- _BRIEF_
An exact, complete copy of the entries below is required, minus any pictures.

- _Crawled caption data_
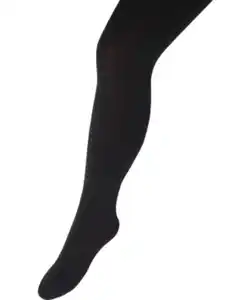 Einfarbige Thermo-Strumpfhose, schwarz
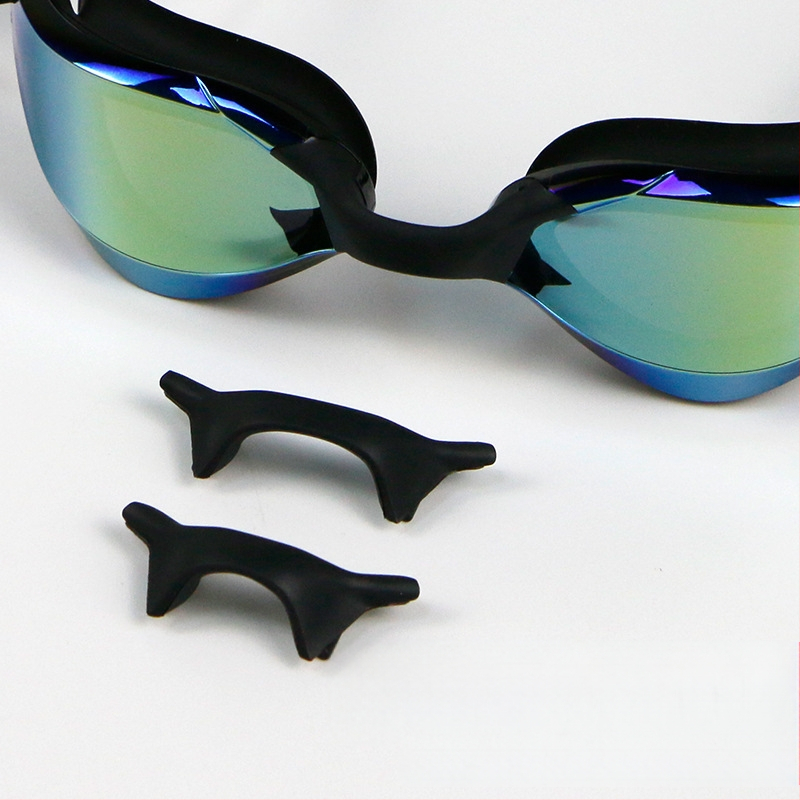 Kryžminio veidrodžio lenktyniniai plaukimo akiniai, galvanizuotos spalvingos akių apsaugos, vandeniui atsparios, nerūkančios, profesionalios treniruotės, lenktyninių plaukimo akinių krepšys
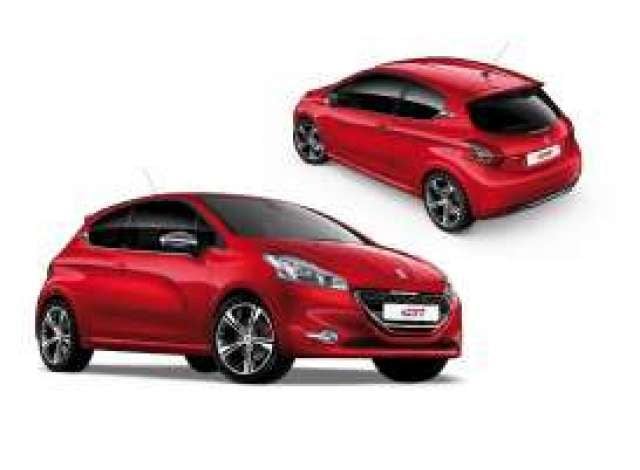 2013 Peugeot 208 GTI, red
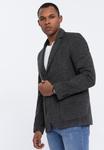 Жакет CHECKED Ombre, цвет graphite - фото 6
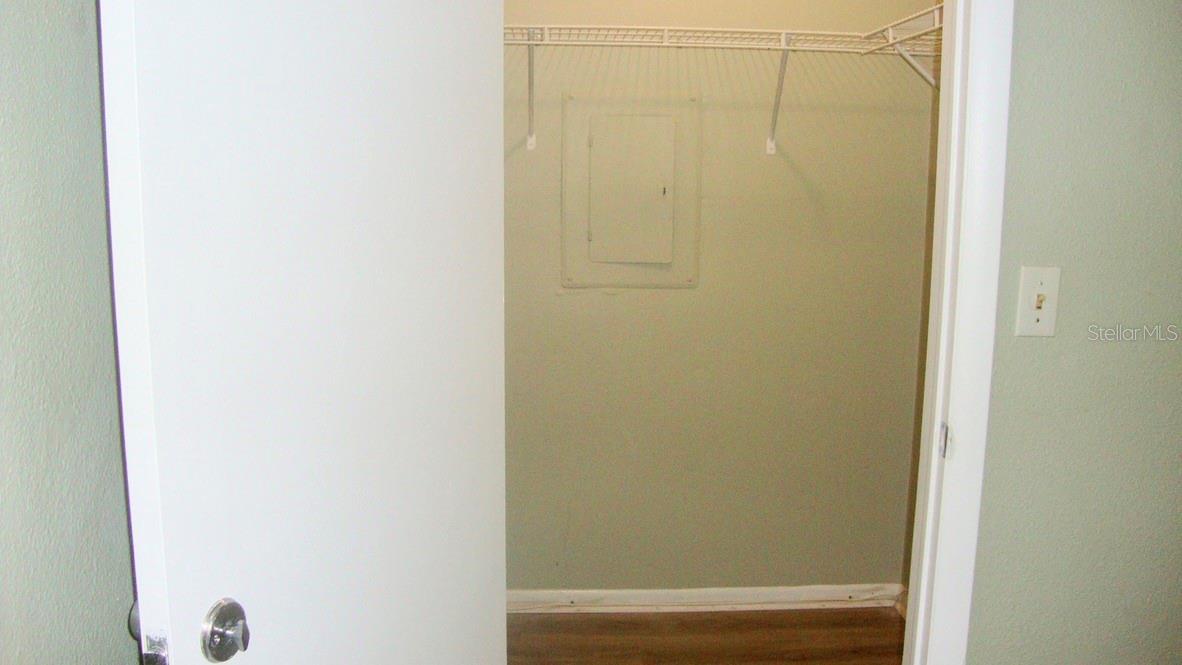 WALK IN CLOSET IN PRIMARY BEDROOM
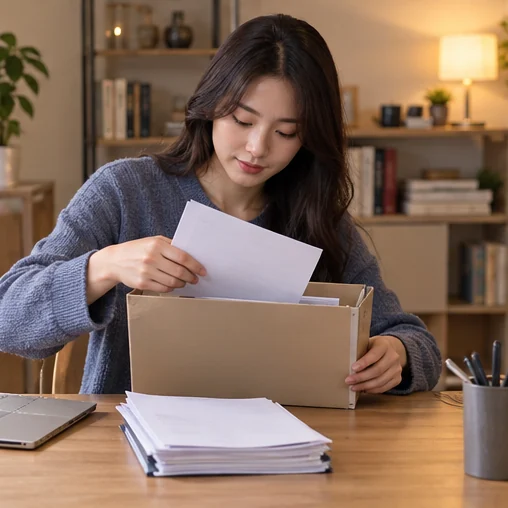 주문과 문의 기록을 정리하기 (AI 설명용 삽화)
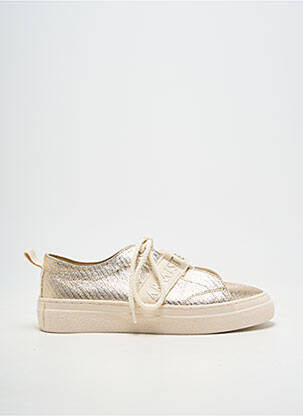 Baskets matière lisse talon plat jusqu'à 3cm or ARMISTICE femme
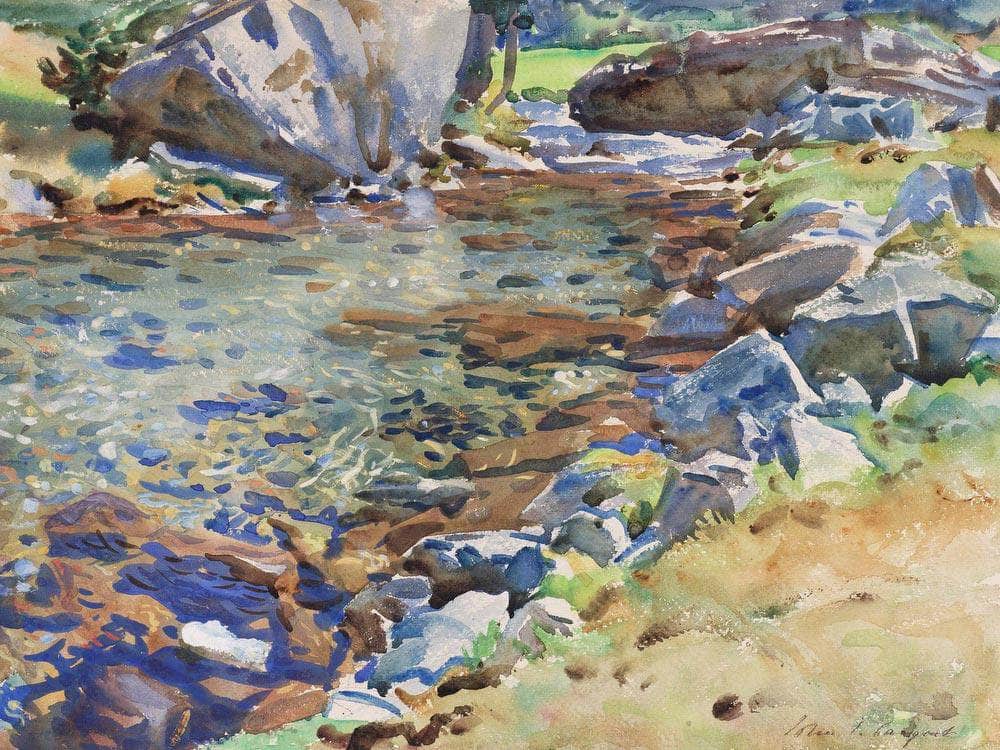 Brook Among Rocks By John Singer Sargent Fine Art Print
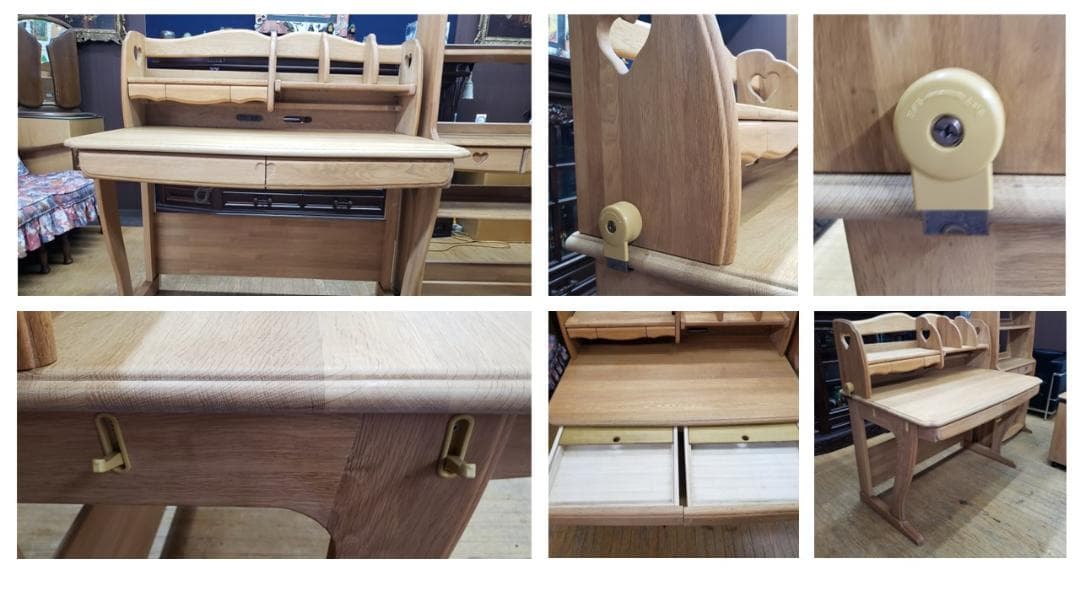 リッツ　I21　②　マルニ　学習机３点セット　フレンディ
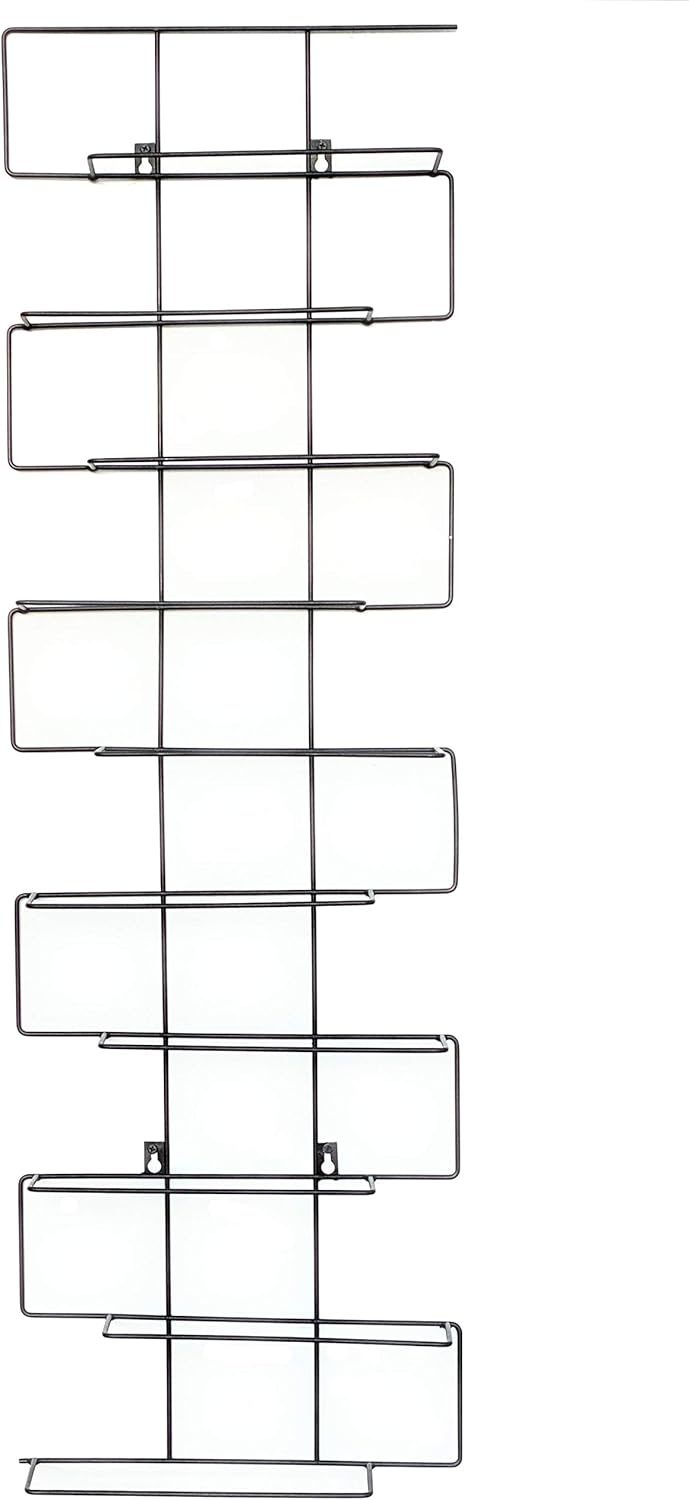 DanDiBo Weinregal Metall Schwarz Wand Schmal 96136 Flaschenregal Flaschenständer Flaschenhalter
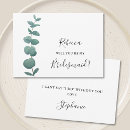 Search for green bridesmaid cards Eucalyptus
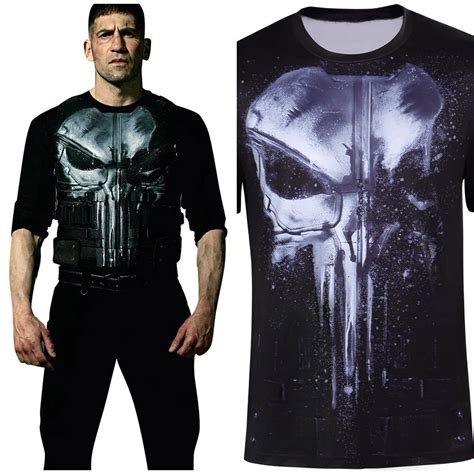 Punisher Cosplay Costume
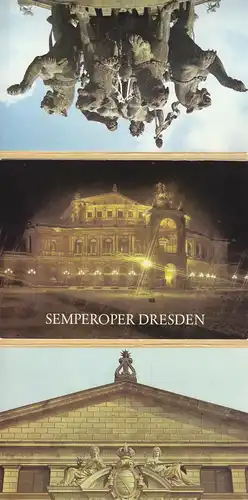 AK-Mappe mit 18 (15+3) Color-AK, Dresden, Semperoper, 1988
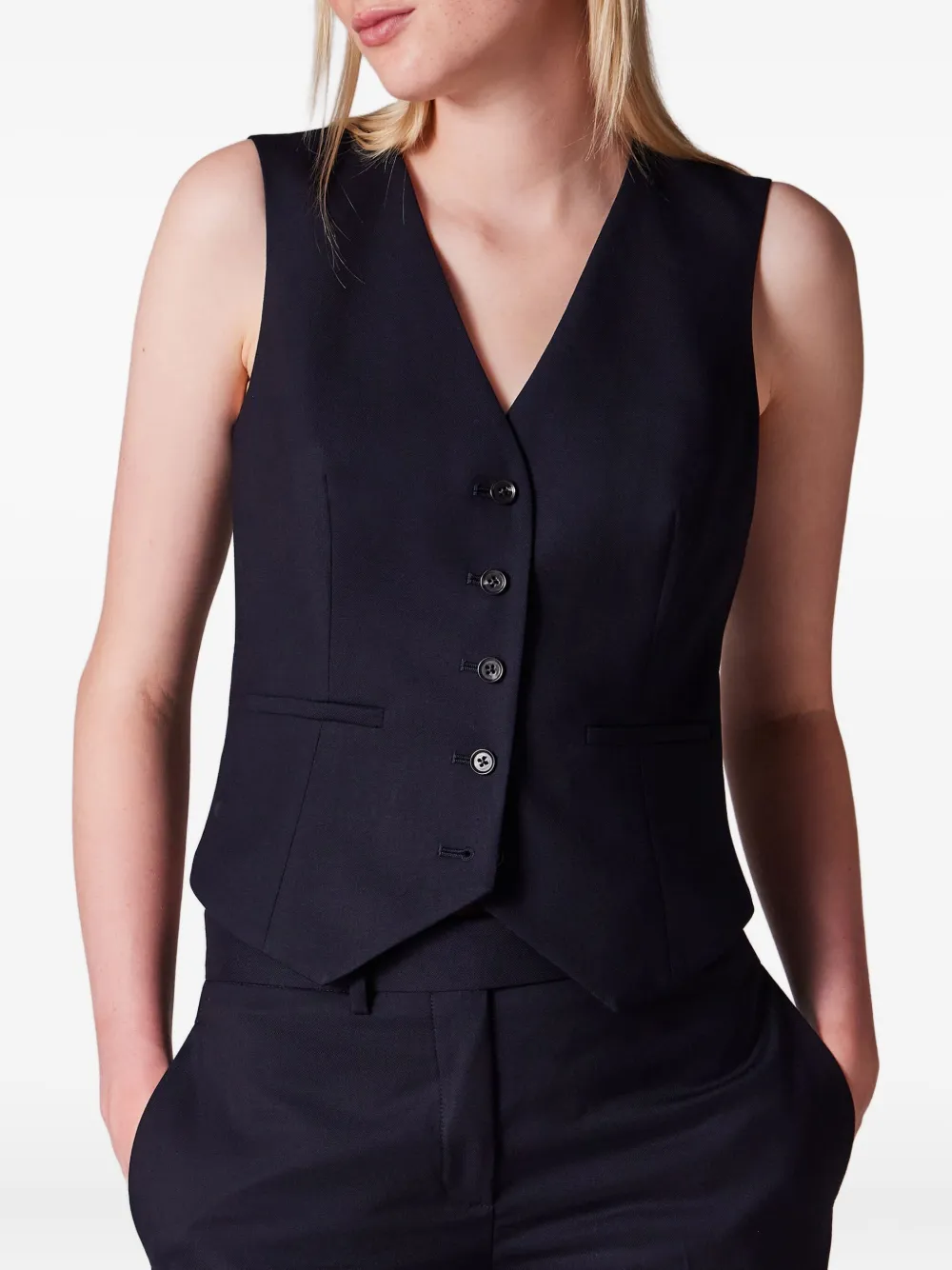 Paul Smith Gilet met knopen Blauw
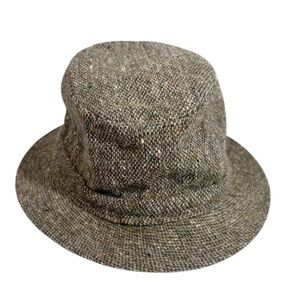 VTG JOHATHON RICHARD The Original Irish Walking Hat Irish Tweed Wool 7 1/4 59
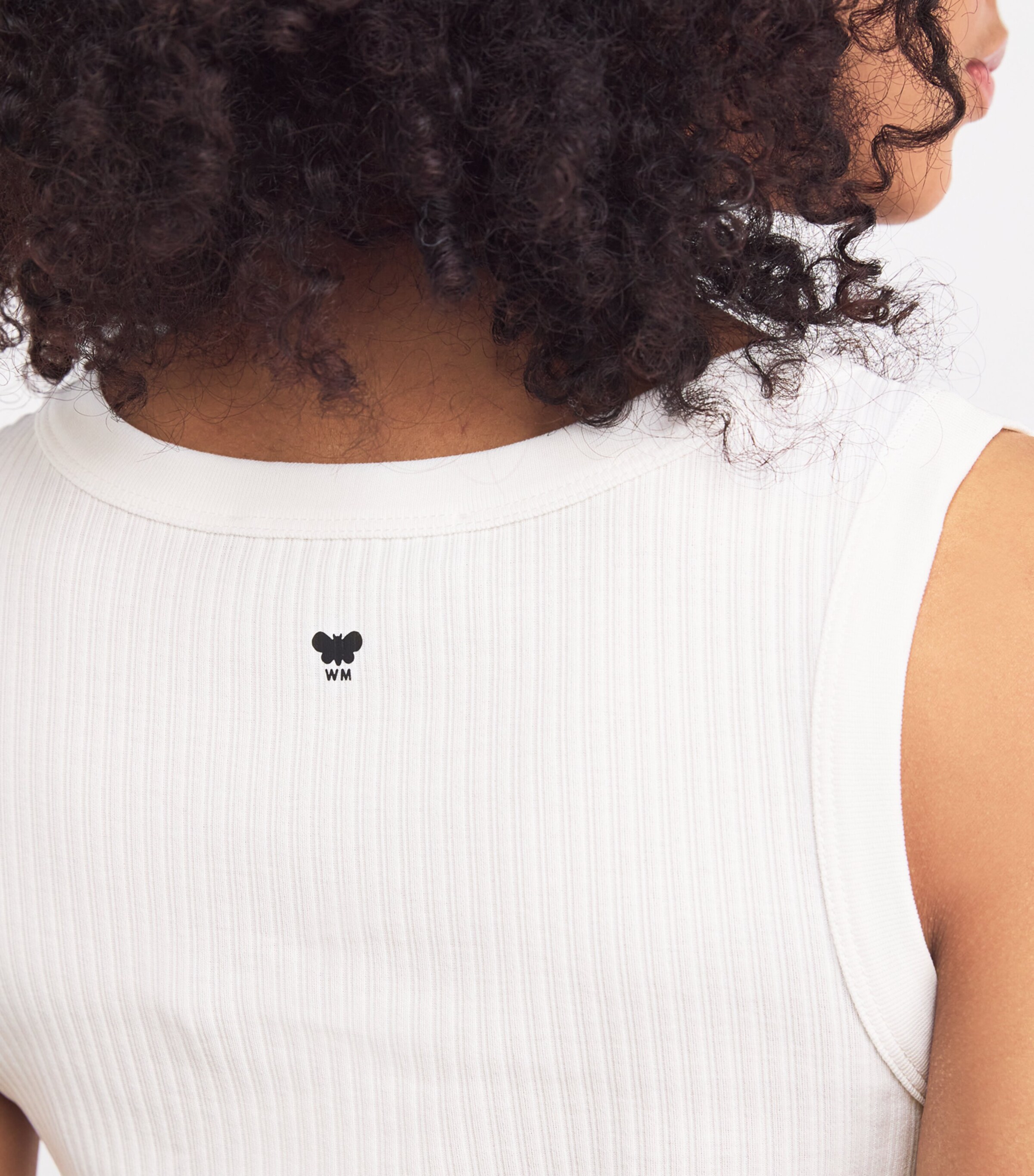 Organic Cotton Tank Top WHITE Image 6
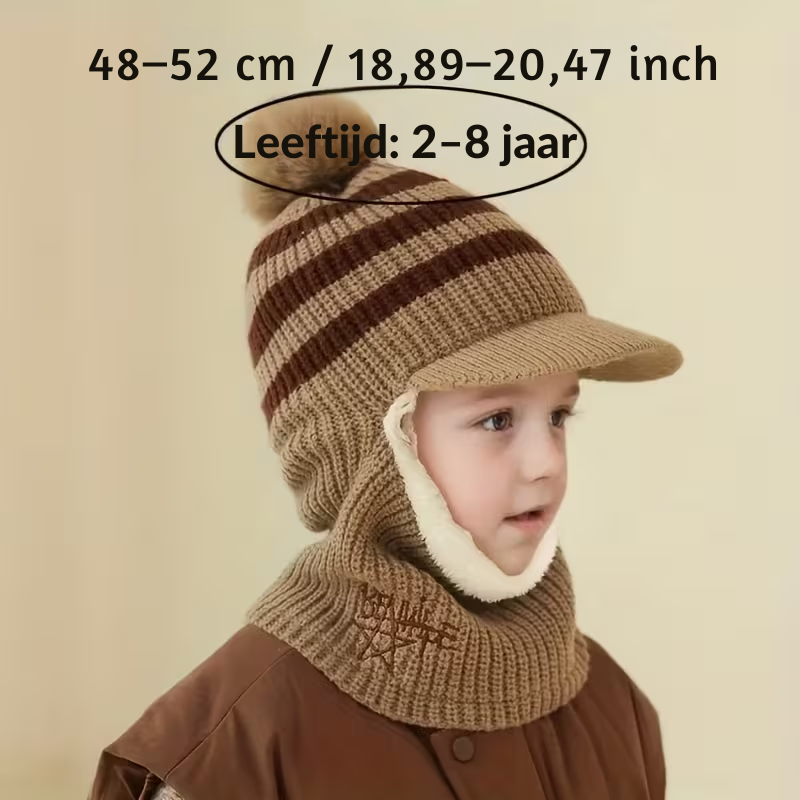 FrostGuard™ – Jongens Wintermuts met Nekbescherming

- _WRITTEN SOLUTION_
 Einfarbige Thermo-Strumpfhose, schwarz
 Kryžminio veidrodžio lenktyniniai plaukimo akiniai, galvanizuotos spalvingos akių apsaugos, vandeniui atsparios, nerūkančios, profesionalios treniruotės, lenktyninių plaukimo akinių krepšys
 2013 Peugeot 208 GTI, red
 Жакет CHECKED Ombre, цвет graphite - фото 6
 WALK IN CLOSET IN PRIMARY BEDROOM
 주문과 문의 기록을 정리하기 (AI 설명용 삽화)
 Baskets matière lisse talon plat jusqu'à 3cm or ARMISTICE femme
 Brook Among Rocks By John Singer Sargent Fine Art Print
 リッツ　I21　②　マルニ　学習机３点セット　フレンディ
 DanDiBo Weinregal Metall Schwarz Wand Schmal 96136 Flaschenregal Flaschenständer Flaschenhalter
 Search for green bridesmaid cards Eucalyptus
 Punisher Cosplay Costume
 AK-Mappe mit 18 (15+3) Color-AK, Dresden, Semperoper, 1988
 Paul Smith Gilet met knopen Blauw
 VTG JOHATHON RICHARD The Original Irish Walking Hat Irish Tweed Wool 7 1/4 59
 Organic Cotton Tank Top WHITE Image 6
 FrostGuard™ – Jongens Wintermuts met Nekbescherming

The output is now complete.